Q - Vous êtes porte-parole du Quai d’Orsay. Merci d’avoir accepté notre invitation. On va commencer avec cette citation d’Emmanuel Macron, c’était le 9 avril dernier : "On doit aller vers une reconnaissance de l’Etat palestinien dans les prochains mois. On ira. Notre objectif, c’est quelque part en juin avec l’Arabie Saoudite de présider cette conférence où l’on pourrait finaliser le mouvement de reconnaissance réciproque par plusieurs." Voilà ce que disait Emmanuel Macron. Une réunion s’est tenue hier. Alors, est-ce qu’on va vers une reconnaissance d’un Etat palestinien ? Est-ce que la France va décider de le faire au mois de juin ?

R - L’urgence, c’est de trouver une solution politique à la situation dans la bande de Gaza et, plus généralement, dans les territoires palestiniens. La conférence du mois de juin dont parle le Président de la République, c’est une manière de mettre cette solution politique au premier plan. La conférence va avoir pour objet d’aller vers un plan pour la reconnaissance de deux Etats.

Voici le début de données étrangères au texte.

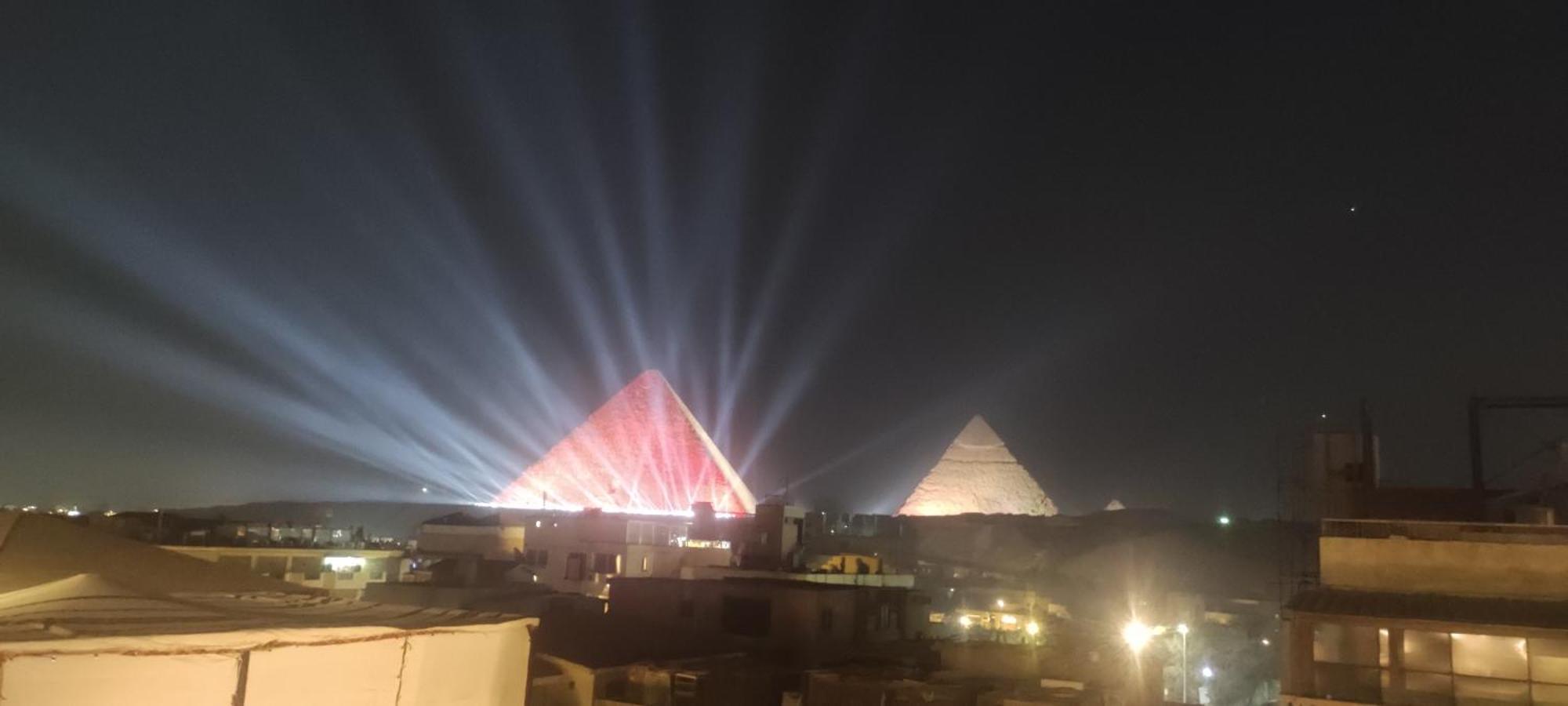 Pyramids Way Inn Kafrat al Jabal Экстерьер фото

Q - Vers ? C’est-à-dire que ça ne sera pas acté ?

R - On espère cheminer vers une solution à deux Etats qui soient reconnus par tous. C’est la seule solution pour avoir une situation stable et pour que les Israéliens et les Palestiniens vivent en sécurité. Mais il est bien évident - et c’est ce que dit le Président de la République - que pour qu’il y ait une solution à deux Etats, il faut qu’il y ait reconnaissance. Et s’agissant de la Palestine, la France a toujours dit que ce n’était pas un tabou. La reconnaissance devait simplement intervenir au moment opportun. Donc la conférence de juin peut être ce moment.

Q - Peut-être ce moment. Le ministre des affaires étrangères espagnol dit que pour Gaza on aurait pu faire plus, plus tôt. Eux, les Espagnols, ont décidé il y a un an. Est-ce qu’il a raison ?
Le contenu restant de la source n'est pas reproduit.